Siladhamo Mulyono, salah satu orang tua dari peserta didik bernama Atisha Mulyono Xu (7), mengatakan bahwa beliau mendaftarkan putrinya dalam Kelas Budi Pekerti karena menurut beliau secara pribadi, orang tua dan anak seharusnya sama-sama belajar agar lebih selaras dan seimbang, jadi bukan hanya orang tua yang mengharapkan dari anak.

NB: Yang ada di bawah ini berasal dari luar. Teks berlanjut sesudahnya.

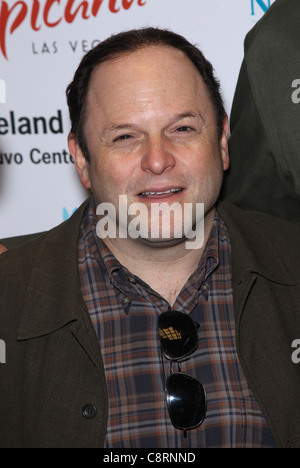 Jason Alexander présents pour All-In pour All-Good Hold'em Tournoi de Poker pour profiter un maximum Hope Foundation, Tropicana Banque D'Images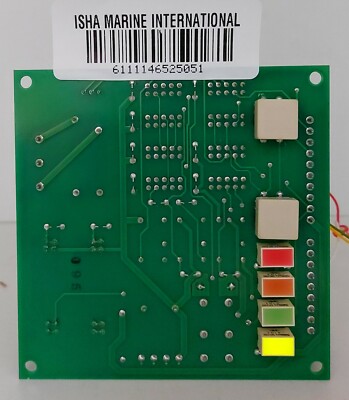 Taiyo SIC-102C AA-295Z Pcb Card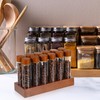 Aphumedc Coffee Bean Storage Canisters Set, 12 Pack Coffee Bean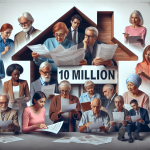 Over 10 Million Seniors Aged 65+ Still Hold Forward Mortgages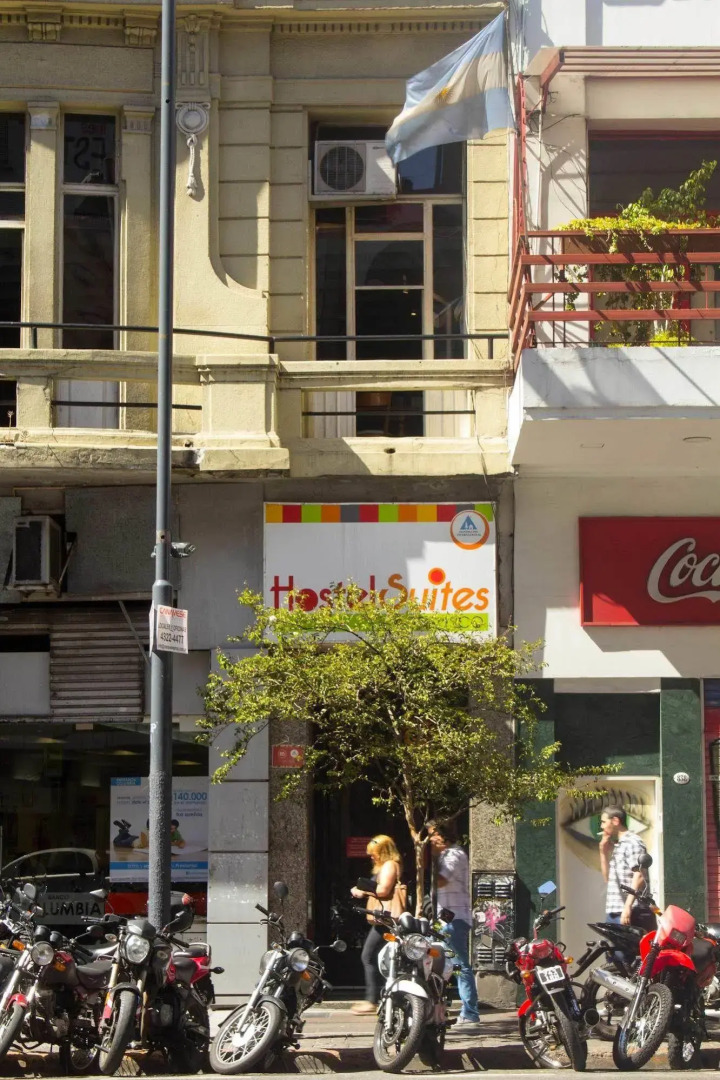 Hostel Suites Obelisco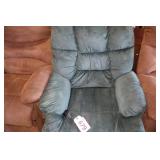 Green Reclining Chair
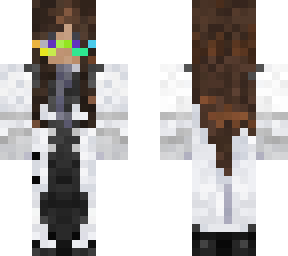 uh hair on the back version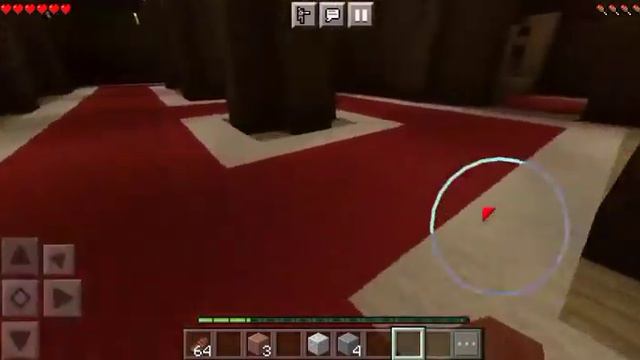 Майнкрафт - страшное лицо, Minecraft - scary face mantion смотреть онлайн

Di dalam kelas, Xiao Pu Sa dibagi ke dalam 4 grup. Dalam tiap grup, ada seorang relawan yang bertugas sebagai mentor mereka. Setelah seluruh siswa memberikan penghormatan kepada Master Cheng Yen, semua peserta melakukan Pradaksina dengan hening, untuk menenangkan diri sebelum kegiatan pembelajaran dimulai. Lalu, pembawa acara mengajak para peserta untuk membaca kesepakatan dan ikrar.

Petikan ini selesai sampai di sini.